I am also painfully aware that I have a couple of special friends with their own terrible diseases.

I was 30 last year, the desire to leave all this pain and sadness behind me has nothing but increased. I want to die so, so much. Mum and I have probably spent hours on and off discussing everything, despite her doing her best to make me see things differently. My resolve to leave this life has done nothing but intensify.

I am sorry. I know this may be a shock to some of you. Try to put yourself in my situation. Read all the newspaper articles online. This is only a tiny part of what I have been through in the past 16 years.

To see what every second of life in intense pain, feeling permanently and extremely ill, not just lying in a bed resting but 100 per cent reliance on others to care for my basic needs. I have survived because of tubes of medicine, pumps and drugs. Without all this modern technology I wouldn’t be here.

Imagine you lived in one small room, in one single bed for 16 years since the age of 14. Imagine being 30 years old and never having kissed someone properly. Yep, I am that pathetic 30-year-old virgin that everyone ridicules.

Imagine having the painful bones of a 100-year-old woman unable to move without risking a fracture. Imagine being unable to get the spinning thoughts out of your head, other than by slowly typing e-mails.

Imagine not being able to turn yourself over in bed or move your legs.

Imagine having to use a bed pan lying down and having your mother wipe your bum for you.

Imagine having never been in a pub or club at 31 years old. Imagine never having been able to fulfil one thing above all else — that thing that should be a right for all young women, the right to have a young child. I know some women are unable to, but it doesn’t stop my heart from aching and the need to hold my own baby.

Imagine being imprisoned inside the miserable existence that is your life.

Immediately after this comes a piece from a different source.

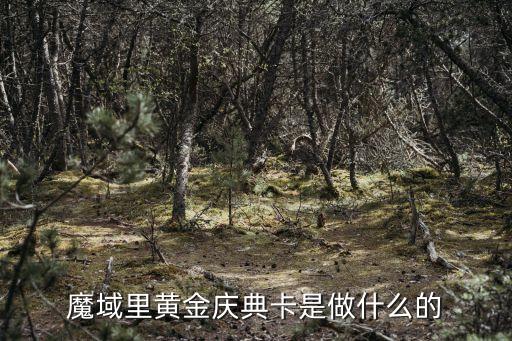 魔域里黄金庆典卡是做什么的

I don’t have to imagine of that. My body and mind is broken. I am so desperate to end the never-ending carousel of pain and sickness and suffering. I love my family. I have nothing left and I am spent.

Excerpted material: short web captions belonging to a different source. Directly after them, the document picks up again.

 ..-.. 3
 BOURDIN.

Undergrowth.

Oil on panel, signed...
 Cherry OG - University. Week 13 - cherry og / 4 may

How are Mum and Dad coping with all this? They are utterly, utterly heartbroken, naturally. Although I fear they won’t get over losing me and they don’t want me to go, and despite all the pain they must be in every time I discuss this whole thing, they must understand why I’ve had enough of this life and can’t keep hanging on. They both said they would either die or feel the same. I am so lucky to have incredible parents.

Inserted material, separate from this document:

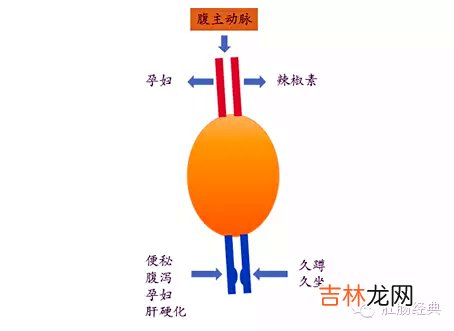 痔疮图片和正常图片的对比 痔疮图片和正常图片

I desperately want to die. Mum and Dad know I have made up my mind.

They have made sure repeatedly that this is what I truly want. And now I’m not going to resist temptation if a way of ending my life falls into my lap.

Even though I can’t imagine how hard this must be for them, obviously they won’t want to lose me but they can’t bear for me to suffer any more than I have — that’s true unconditional love. I will never be able to thank them for putting my needs above theirs. However sad it is, it’s going to be my time to go very soon.

November 2008: I am afraid I can’t lie. I still do crave suicide with every fibre of my being. I promised my parents that I won’t attempt to do it in secret again. If the chance falls into my lap I will grab it with both hands. Mum regularly goes through everything with me. I never waver, I just become more and more sure as time passes. I have always stated that if I was unable to make a decision myself the power goes jointly to my parents. I trust them implicitly with my life and death. I know they won’t do the selfish thing in keeping me here purely for themselves.